Teoria multisensoriale
Poiché gli studi sulle possibili alterazioni genetiche e ormonali non hanno mai dato risultati significativi, negli ultimi decenni, molte ricerche hanno cercato di fornire un’interpretazione neurobiologica della disforia. A partire dalle prime analisi post-mortem del cervello di soggetti transessuali, una ventina di anni fa, l’attenzione si è focalizzata su uno specifico nucleo dell’ipotalamo chiamato letto della stria terminale (BNST). In particolare, questo nucleo sembra avere una dimensione media nelle transwoman (MtF) più simile alle donne cisgender che agli uomini cisgender; questi dati supportano la teoria secondo cui il distress caratteristico della disforia di genere dipende da un’incongruenza anatomica tra il cervello e il corpo sessuato – gli individui transgender avrebbero un cervello di sesso opposto al genere che gli viene assegnato alla nascita. In accordo con questi studi e altri che hanno messo in relazione la disforia di genere con i cambiamenti di body ownership nei soggetti transgender, Stephen Gliske, del dipartimento di neurologia dell’Univerità del Michigan, ha sviluppato una nuova teoria della Disforia di Genere che definisce “multisenso”. In pratica, secondo questa teoria, la Disforia di Genere non sarebbe causata da anomalie neuroanatomiche bensì da cambiamenti sistemici in alcuni network funzionali, che provocherebbero quell’incongruenza tra senso del proprio genere e genere assegnato alla nascita. Gliske considera 3 dimensioni:
- il distress cronico
- non-conformità di genere e comportamento sociale
- incongruenza e body-ownership
che sono costantemente in interazione tra di loro e genererebbero il senso del genere. Alterazioni nelle attivazioni o nelle loro interazioni porterebbero a cambiamenti dinamici nell’attività del network, e sarebbero la causa della soggettiva esperienza di disforia di genere e, probabilmente, anche dei contestuali cambiamenti neuroanatomici che si osservano negli studi summenzionati. Sembrano coinvolti in particolare cambiamenti a livello del BNST, ipotalamo anteriore, insula anteriore, solco intraparietale, lobulo parietale superiore e corteccia orbitofrontale.

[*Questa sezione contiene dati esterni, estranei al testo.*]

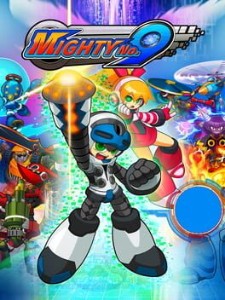 mighty no 9
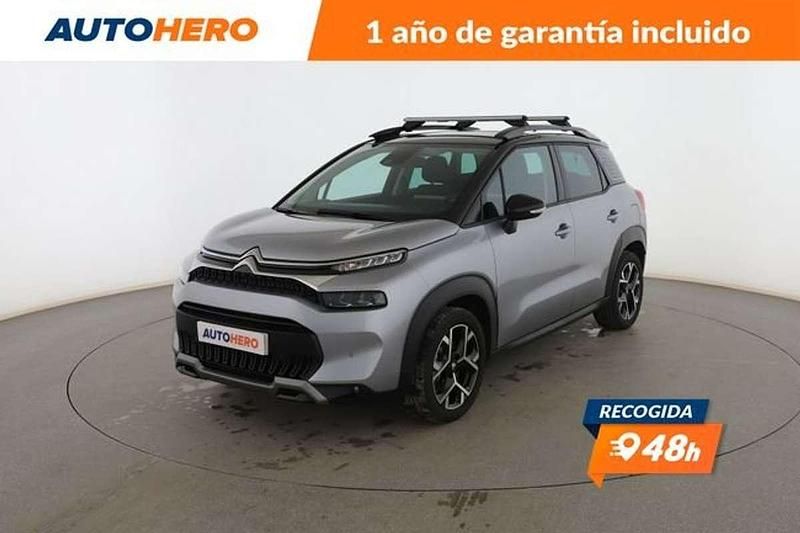 Usado Citroën C3 Aircross PureTech 111 CV (81 kW) 2023 Gris SUV
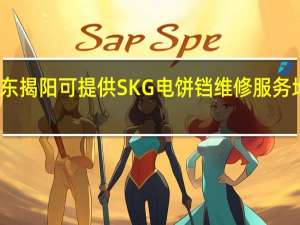 广东揭阳可提供SKG电饼铛维修服务地址在哪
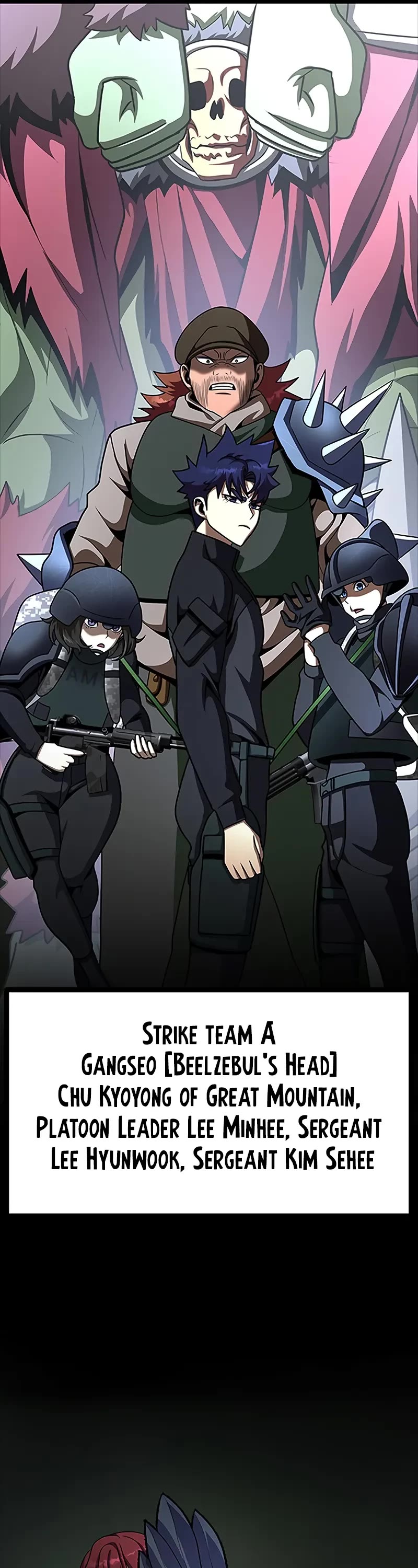 Steel-Eating Player chapter 74 page 52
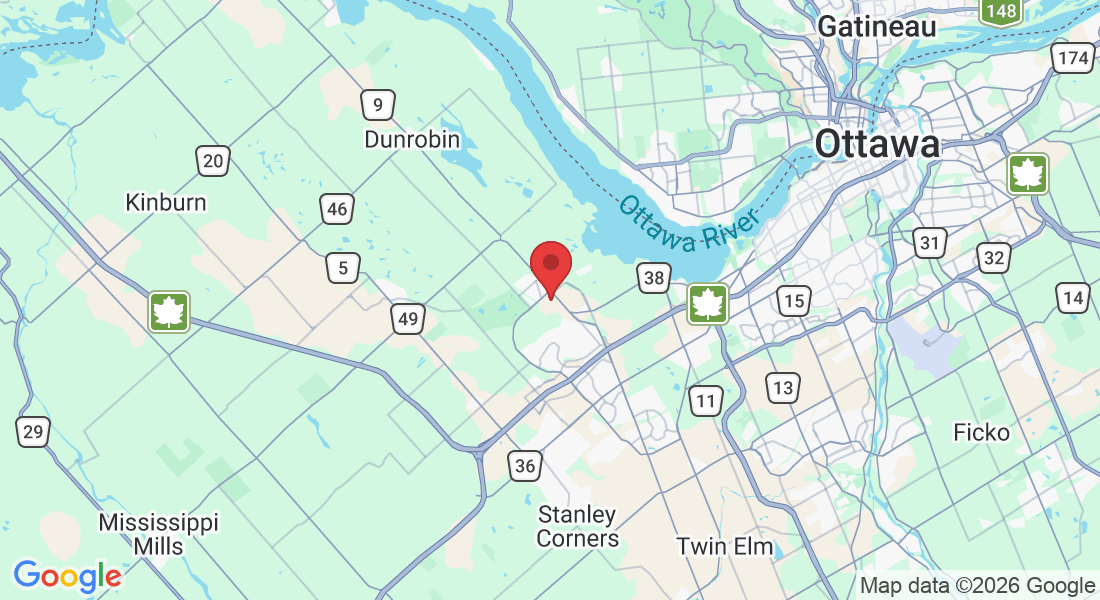 1000 Innovation Dr, Ottawa, ON K2K 3E7, Canada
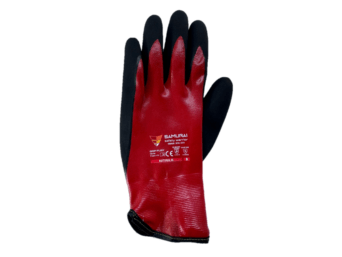 GLOVE GRIP-FLEX NITRIL FOAM FC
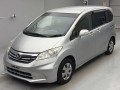 2013 Honda Freed
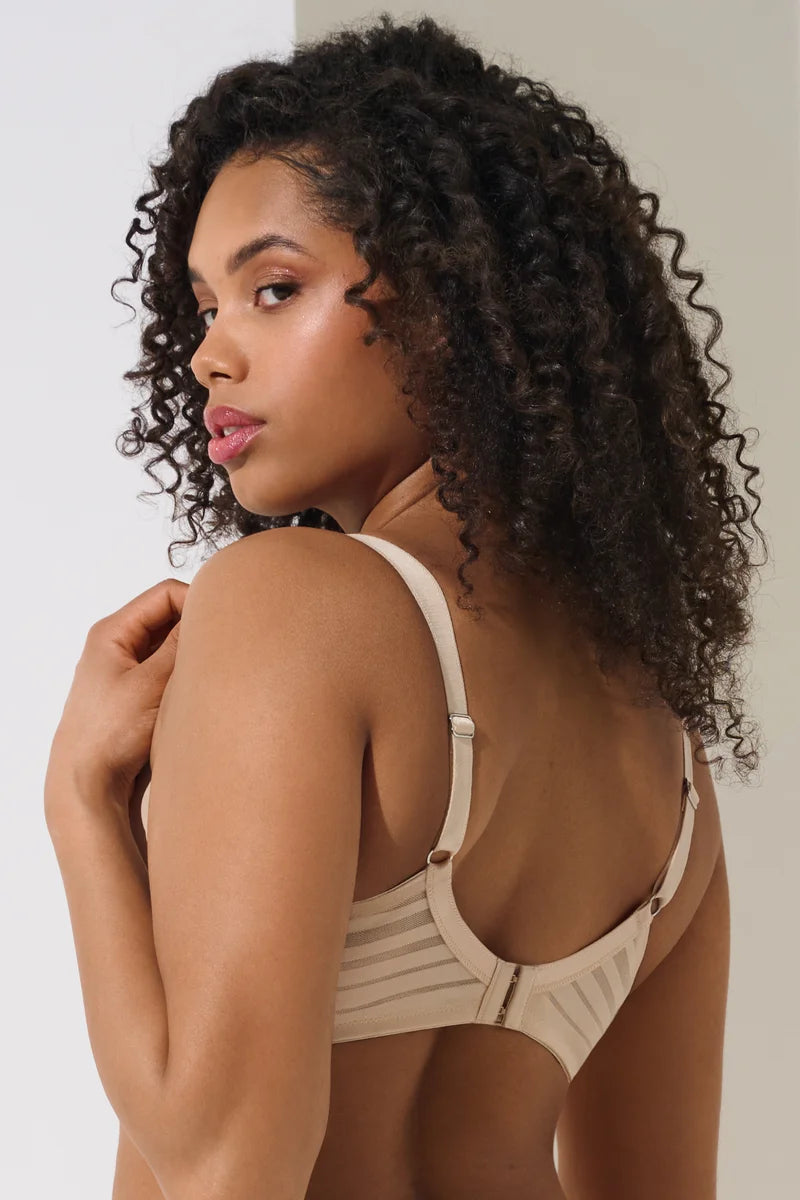 Lisca - Alegra Wired Bra F G And H Cup Skin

Lungi dal voler proporre una teoria meccanicistica di un’esperienza così soggettiva come la Disforia di Genere o l’identità di genere stessa, Gliske sottolinea che i network neurobiologici sottostanti questo modello integrato influenzano quanto un certo individuo percepisce e soffre rispetto a uno stress cronico, quanto desideri agire in coerenza con il suo ruolo di genere e quanto percepisca gli aspetti “genderizzati” del suo corpo come appartenenti a sé. Tutti questi aspetti concorrono alla sensazione di matching (o meno) tra la propria identità di genere e il sesso assegnato alla nascita. Il peso dei fattori socio-comportamentali e di body-ownership può chiaramente essere diverso in individui diversi.